Phillip Dampier June 13, 2012 Competition, Consumer News, Data Caps, Verizon, Video, Wireless Broadband 1 Comment

Kuittinen

Forbes Magazine has been pondering Verizon’s radical shift to eliminate buckets of voice minutes and text messages, while increasing prices on wireless data just when mobile broadband is expected to become the new profit center for wireless phone companies. It appears Verizon is well on the way to milking the data cash cow.

Tero Kuittinen notes Verizon Wireless has been on a rate increase binge, primarily by eliminating cheaper plans in favor of those with bigger buckets for voice and text services customers simply don’t need. What used to cost $50 a month two years ago for a respectable minute plan jumped to $70 for a smartphone with data, and now will increase another $20 to $90 a month, and give customers a smaller data allowance.

Verizon Wireless argues customers will get more bang for their buck, and for heavy voice, mobile hotspot and texting users, they may be right. But for the average customer who watches their voice minutes and keeps texting to a reasonable level, prices are going nowhere but up, whether you want unlimited voice and texting or not.

Q. Will Verizon Wireless herd all of its customers to unlimited voice calling at a higher price? A. Yes!

Why is Verizon taking the risk of alienating consumers by forcing them into a major price hike?

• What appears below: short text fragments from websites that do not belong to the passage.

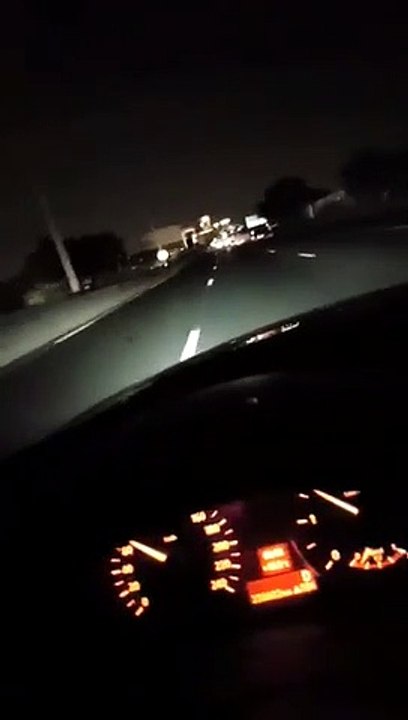 Quand tu croises une voiture à contre-sens sur l'A1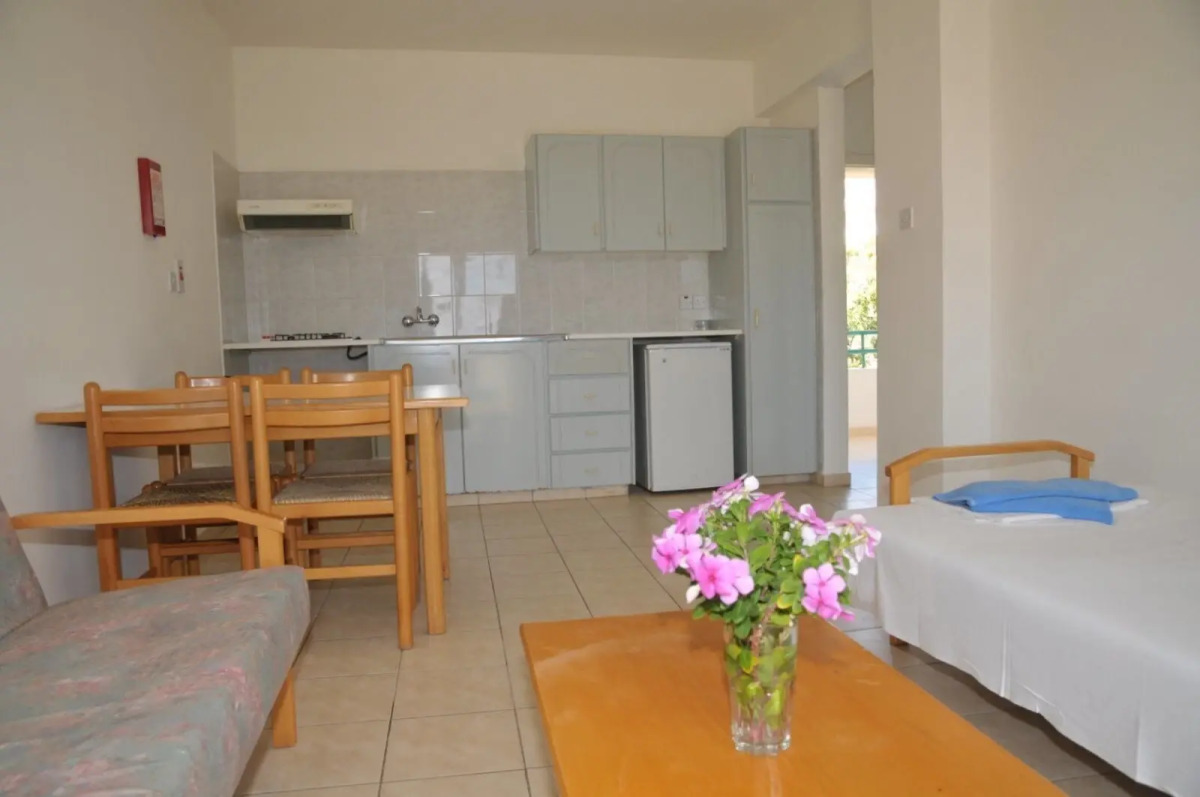 DebbieXenia Hotel Apartments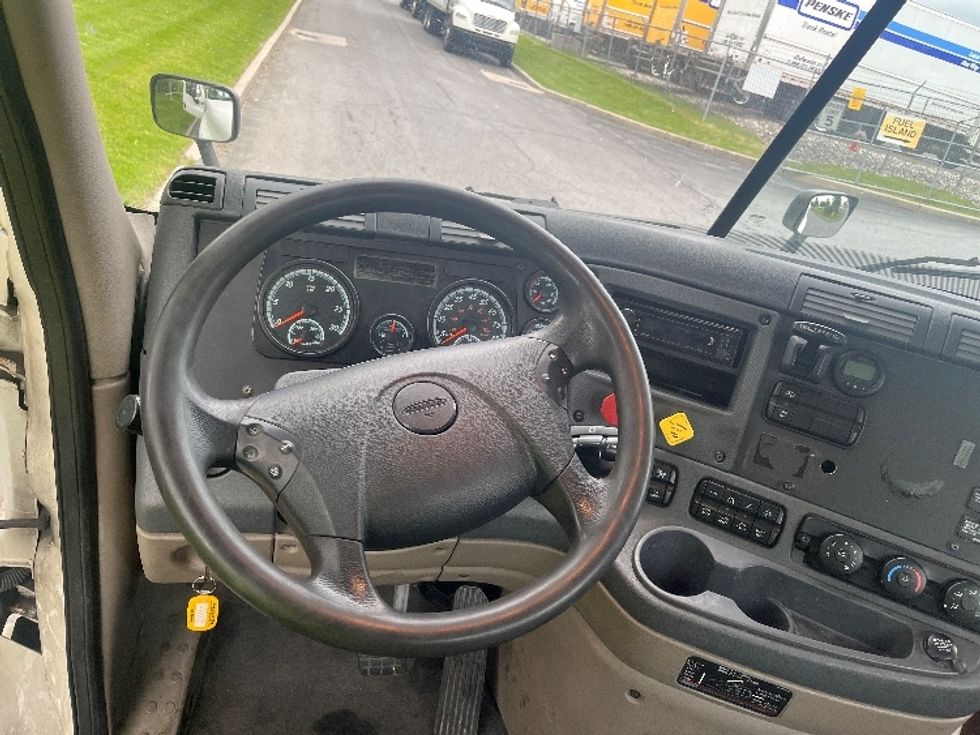 Day Cab Tractor-Heavy Duty Tractors-Freightliner-2019-Cascadia 12542ST-Montgomery-NY-373,642\n\t\tmiles-$ 33,000 - Image 11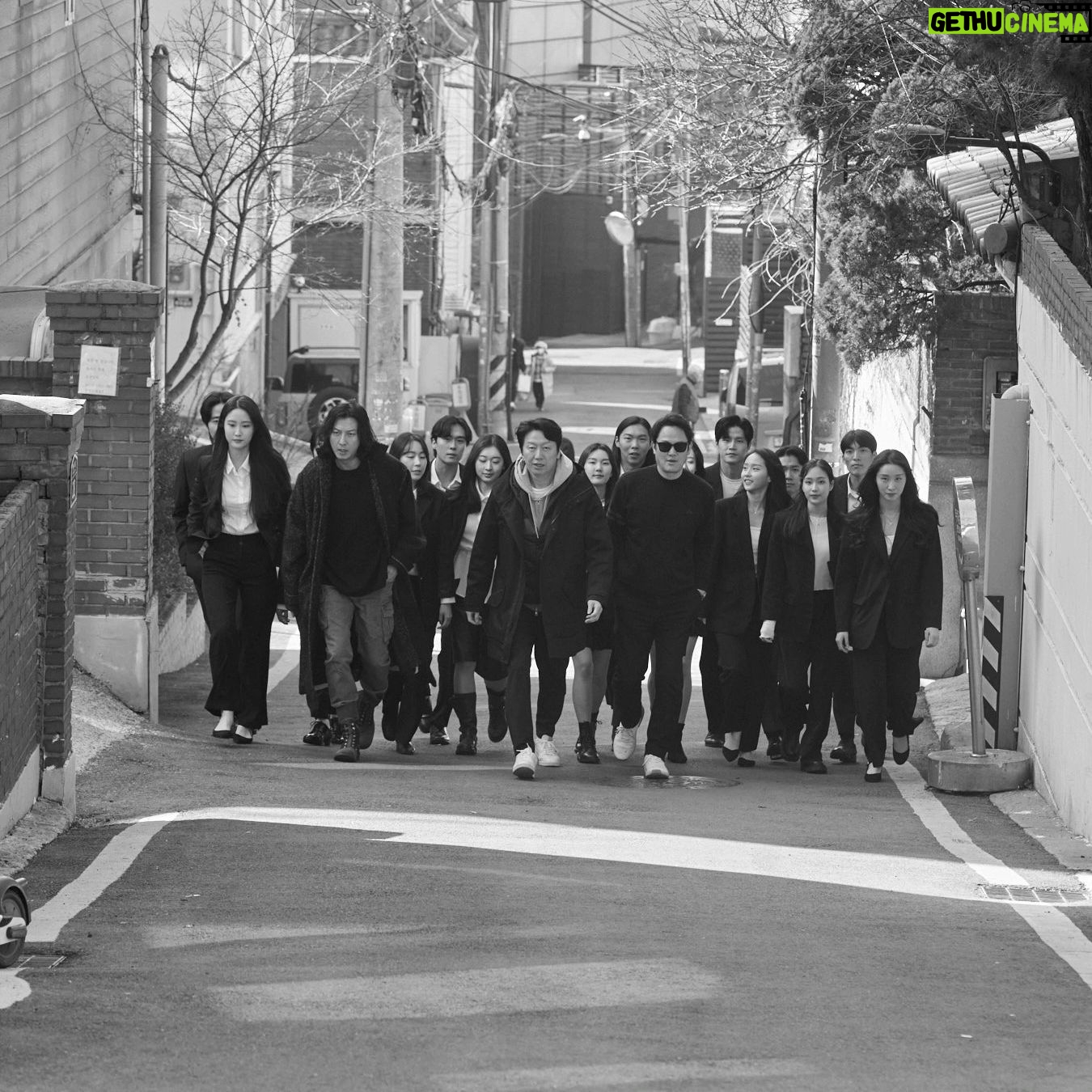 Kim Soo-ro - 1K Likes - 우리가 해낼거야. 좋은작품 보여줄꺼야. 라는 정신으로....
오늘보니 무대도 맘에들고 간만에 객석단차에도 힘을주고.
91분의 VIP 관객만 모시는듯한 극장분위기!!!!!
몰리에르 타르튀프. (위선자 탁선생)
언더스테이지 가 참 좋아요.
현대카드 언더스테이지 에서 다양한 연극과 뮤지컬들을 보여드리고 싶습니다.
위선자 탁선생. 요번주 일욜부터 시작!!!!
#두나무 #대교 #동문건설 #카카오뱅크 #게임인재단 #아떼오드 #이엠케이
#나인스토리 #유재석 #최두언 #김대수 #송요한 #유우재 #(주)대전것들 #럭키인디아 #박중훈 #송한샘 #성종완 #김지호 #허재영 #티메이커 #컴투스 #캐리어
#깐부치킨 #정훈탁 #강제규 #덮케작품을좋아하시는관객분들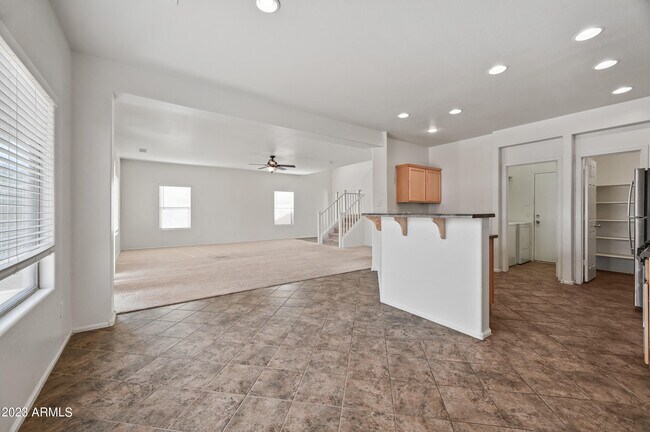 Building Photo - 43927 W Cypress Ln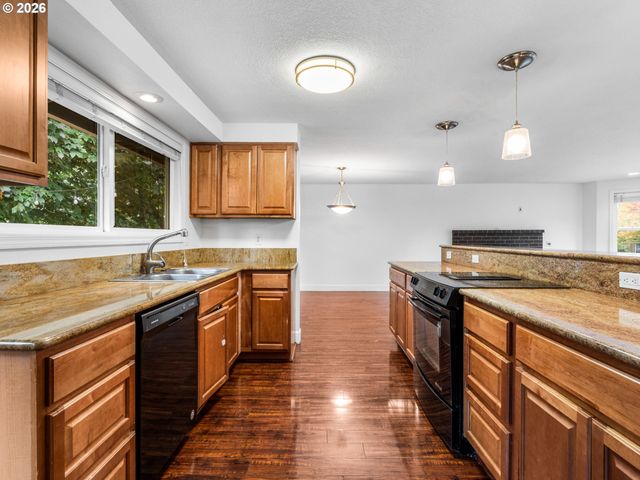 15815 Sw 88TH Ave, Portland, OR 97224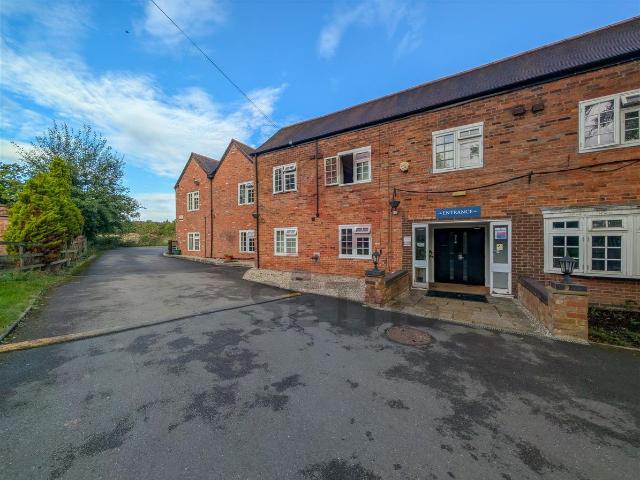 Studio for rent in Brownshill Green, Coventry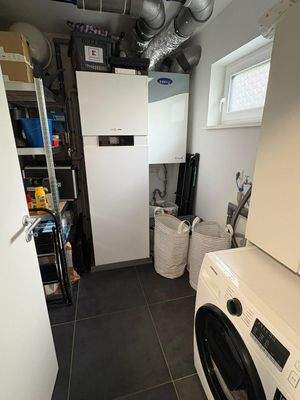 HWR mit Platz für WM u.a. Heizung 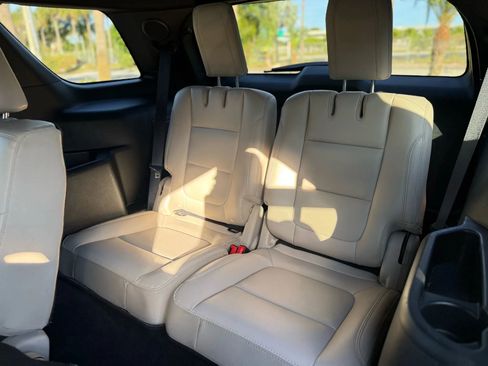 Used 2018 Ford Explorer Limited image 19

  • This is a clever move to try to cut Skype and WhatsApp down before they erode Verizon’s voice and texting revenue any further. Consumers can still use Skype and WhatsApp – but there is less incentive, because you are forced to pay for unlimited voice and text anyway.
  • The campaigns to lure consumers into buying tablet data plans have not worked. Most people opt for WiFi only tablets. The new Verizon plan basically forces all consumers to pay a higher monthly bill – and then offers them an option to add a tablet data connection for just $10 extra. Adding mobile data to your tablet becomes much more alluring. You’re paying $90 base price anyway – what’s another ten bucks?
  • Verizon believes Sprint and T-Mobile are now so weak they offer no effective competition. Most consumers are so suspicious about their coverage area and/or device ranges that Verizon does not need to worry about defections too much.

America has yet to hear from the other half of the Attizon duopoly, Kuittinen warns, and AT&T is usually cited as the less-consumer-friendly choice in wireless. Kuittinen believes neither company particularly cares about what consumers ultimately think about the new plans, because their only alternatives have more limited coverage, don’t always have access to the hottest new devices, and have 4G networks that don’t keep up particularly well with their larger rivals. (Clearwire on Sprint, anyone?)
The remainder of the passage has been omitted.